- Maradana Location within Greater Colombo Maradana Location within Colombo District Maradana Location within Sri Lanka
- Coordinates: 6°55′42″N 79°51′51″E﻿ / ﻿6.92833°N 79.86417°E
- Country: Sri Lanka
- Province: Western Province
- District: Colombo District
- Time zone: UTC+5:30 (Sri Lanka Standard Time Zone)
- Postal Code: 01000

= Maradana =

Maradana is a suburb of Colombo, Sri Lanka. Maradana is the site of Maradana Railway Station, one of the primary railway hubs in the country, serving intercity rail and commuter rail. Maradana also has many railway yards and running sheds. A technical college, many national schools, the Lotus Tower, and business institutions are also located in the area.
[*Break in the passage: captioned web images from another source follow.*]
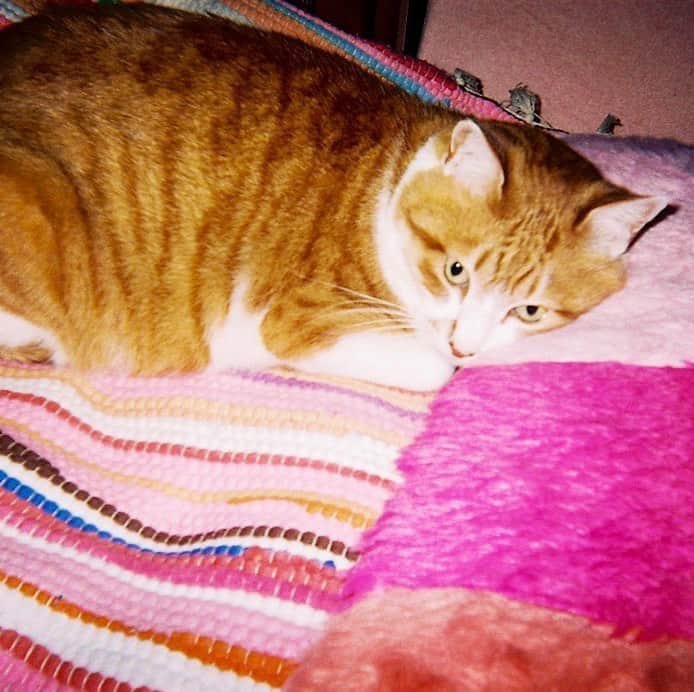 マコ・プリンシパルのインスタグラム：「my love🐈💕💕💕 ・ 😼 ・ 😼 ・ #写ルンです #cat #ninichan」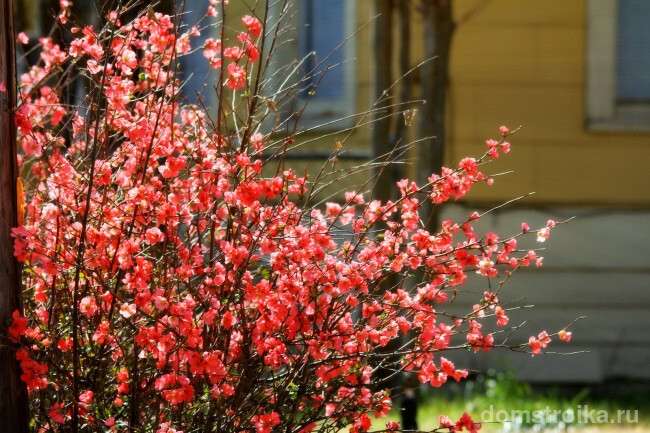 Весной кустик айвы японской сплошь покрыт розовыми или бело-розовыми крупными цветками до 5 см в диаметре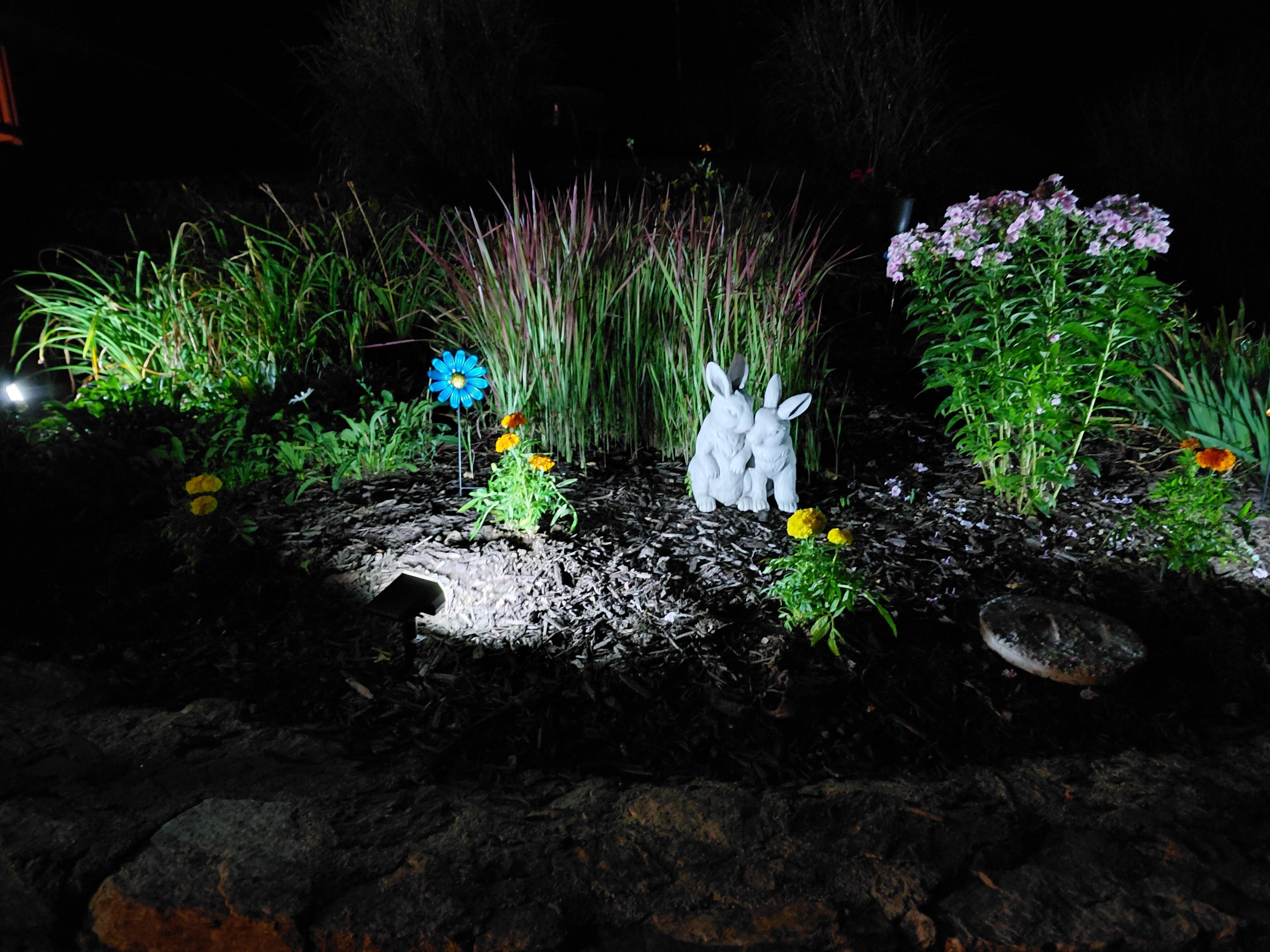 Flower garden at night. 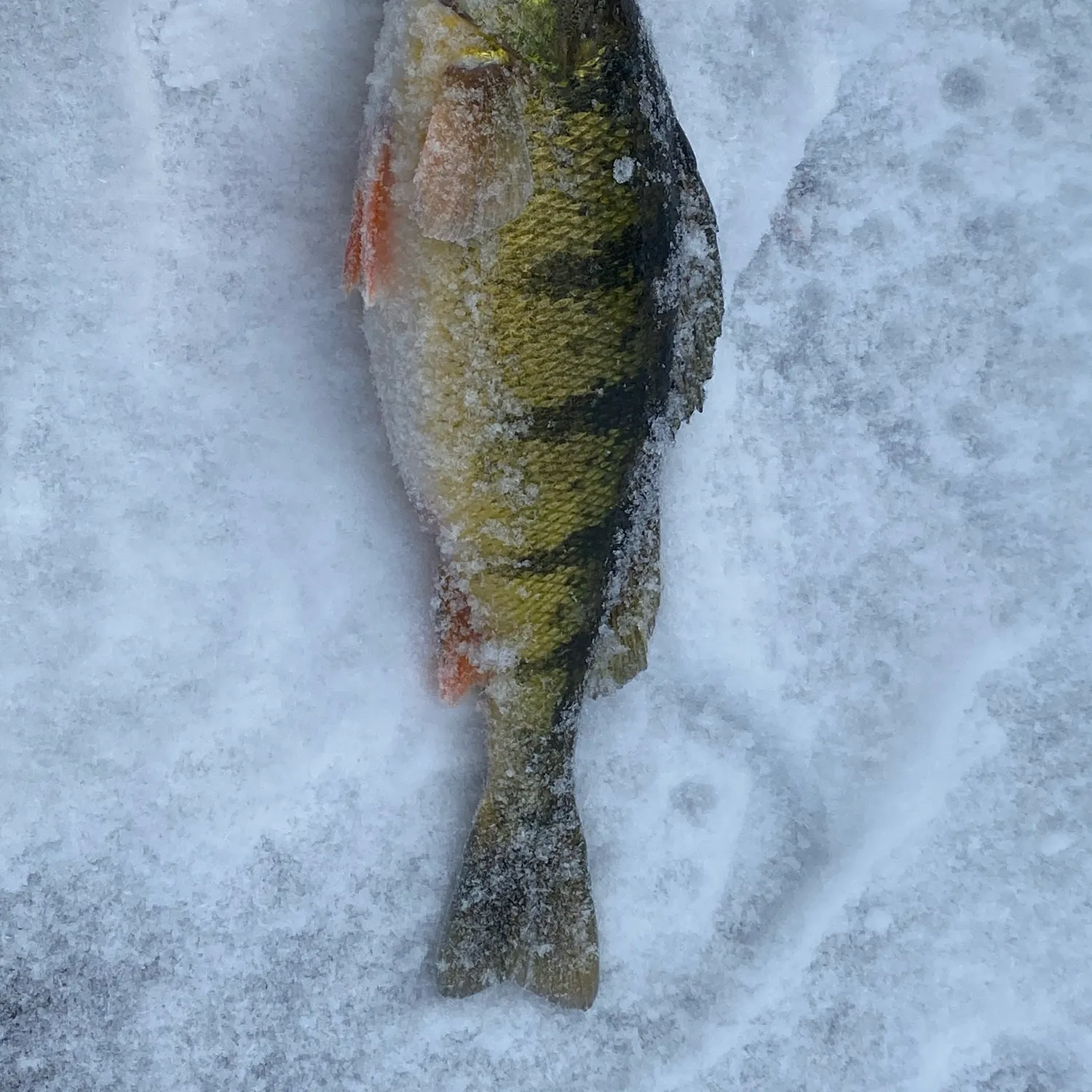 The most recent Indo-Pacific blue marlin catches on Fishbrain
A statue of Colonel Henry Steel Olcott, the founder of the Theosophical Society and the first well-known person of European ancestry to make a formal conversion to Buddhism, is located in Maradana.

== Schools ==
- Ananda College
- Asoka College
- Nalanda College, Colombo
- St. Joseph's College, Colombo
- Zahira College, Colombo
- Ananda Balika Vidyalaya
- Gothami Balika Vidyalaya
- Viharamahadevi Balika Vidyalaya
- Brighton International School
- Unique International School

== Transport ==
Located next to the Elphinstone Theatre and near the Maradana Railway Yards, Maradana railway station is a major railway hub. Served by Sri Lanka Railways, it provides one of the two main rail gateways to Colombo. Colombo Fort Station is a couple kilometres away from Maradana Station. The station is served by the Main line, which leads to several other major routes in the railway network, the Kelani Valley Line, which connects Maradana with many other area of Colombo, and the Coastal line, leading to Galle and Matara.